A working actor from age 9, Asa Butterfield has grown up on movie and TV sets.
Now 19 and poised to take on adult roles, the star of teen sci-fi romance The Space Between Us, opening Friday, is in no hurry to turn his back on characters that make the most of their optimistic, innocent sides.
“I find the best acting comes from when you are accessing something that is slightly childlike and you’re a little more connected to your emotions and they’re a lot more on the surface,” said the British actor, who earned praise for Holocaust drama The Boy in the Striped Pyjamas and as the title character in Martin Scorsese’s Hugo.
“I play a lot of dramatic roles where the character is seen as kind of innocent and pure,” said Butterfield while on a quick publicity swing through Toronto. “I don’t know why. My face,” he added laughing.
The Space Between Us fits that trend with Butterfield playing 16-year-old Gardner Elliot, born in a Mars colony and orphaned when his astronaut mom dies in childbirth.
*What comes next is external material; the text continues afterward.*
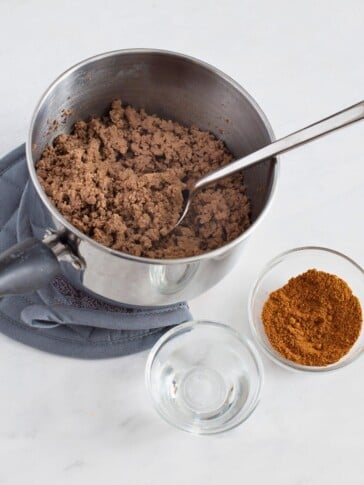 cooked ground beef, taco seasoning and water by pan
As the first person born on the red planet, the scientists who raised him (and kept his existence a secret) doubt Gardner’s unique physiology could withstand a trip to Earth.
But he has other plans, including finding out who his dad is and meeting up with Tulsa (Britt Robertson) a Colorado teen he’s been chatting with online. Desperate to get to Earth, yet naïve about what life there is all about, Garden tries to educate himself by watching old movies and quizzing Tulsa, who has no idea he’s a few million kilometres away.
Butterfield was nursing a head cold and gratefully took a cup of tea, eyeing a comfy couch and admitting, “I’m fighting the temptation right now to sprawl across this sofa.”
“Be our guest,” he was told and the teen stretched out with a happy grin.
He said his character is named for two familiar screen personas: Peter Sellers’s “Chauncey Gardiner” in Being There and Elliott from E.T. The Extra-Terrestrial.
Since The Space Between Us is based on an original story and not taken from a YA novel, Butterfield said he had “a lot of creative freedom” to make his character “unique and bring him to life, make him my own.”
He likes Gardner’s optimism, saying he also has that streak. “I like to take this view of the world and Gardner takes that to an extreme.”
Among Butterfield’s upcoming films is his first adult role, the WWI drama Journey’s End, based on English writer R.C. Sherriff’s celebrated play about British officers of various backgrounds awaiting battle in a dugout in Northern France. Sam Clafin, Toby Jones and Paul Bettany also star.
“I feel like I’ve been growing up gradually on film. It’s a very natural process and my character in Journey’s End is the most innocent of the characters,” said Butterfield, who describes him as “this young hopeful who wants to come to the front line and fight for his country and he has no idea what’s waiting for him.”